EXERCISE DESCRIPTION ::
Copy the records below verbatim, from the first line through the line containing "used 2023 Dodge", inclusive, and output nothing else.

↓↓↓

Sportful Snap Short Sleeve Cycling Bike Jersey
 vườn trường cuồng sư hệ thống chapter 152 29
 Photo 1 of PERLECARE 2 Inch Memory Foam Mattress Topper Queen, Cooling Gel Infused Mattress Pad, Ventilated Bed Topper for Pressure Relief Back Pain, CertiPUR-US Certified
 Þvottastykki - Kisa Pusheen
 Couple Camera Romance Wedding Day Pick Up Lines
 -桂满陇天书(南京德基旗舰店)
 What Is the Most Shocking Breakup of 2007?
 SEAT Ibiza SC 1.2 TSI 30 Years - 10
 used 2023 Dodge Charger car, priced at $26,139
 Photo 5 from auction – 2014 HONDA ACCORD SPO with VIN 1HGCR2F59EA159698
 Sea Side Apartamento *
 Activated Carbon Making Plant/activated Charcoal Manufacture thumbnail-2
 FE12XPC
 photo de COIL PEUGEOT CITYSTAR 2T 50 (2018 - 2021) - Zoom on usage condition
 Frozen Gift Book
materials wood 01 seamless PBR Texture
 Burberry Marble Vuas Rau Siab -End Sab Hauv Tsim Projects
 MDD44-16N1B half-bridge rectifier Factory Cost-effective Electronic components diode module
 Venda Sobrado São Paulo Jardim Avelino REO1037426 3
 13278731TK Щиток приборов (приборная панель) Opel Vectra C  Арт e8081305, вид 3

↑↑↑

REPLY ::
Sportful Snap Short Sleeve Cycling Bike Jersey
 vườn trường cuồng sư hệ thống chapter 152 29
 Photo 1 of PERLECARE 2 Inch Memory Foam Mattress Topper Queen, Cooling Gel Infused Mattress Pad, Ventilated Bed Topper for Pressure Relief Back Pain, CertiPUR-US Certified
 Þvottastykki - Kisa Pusheen
 Couple Camera Romance Wedding Day Pick Up Lines
 -桂满陇天书(南京德基旗舰店)
 What Is the Most Shocking Breakup of 2007?
 SEAT Ibiza SC 1.2 TSI 30 Years - 10
 used 2023 Dodge Charger car, priced at $26,139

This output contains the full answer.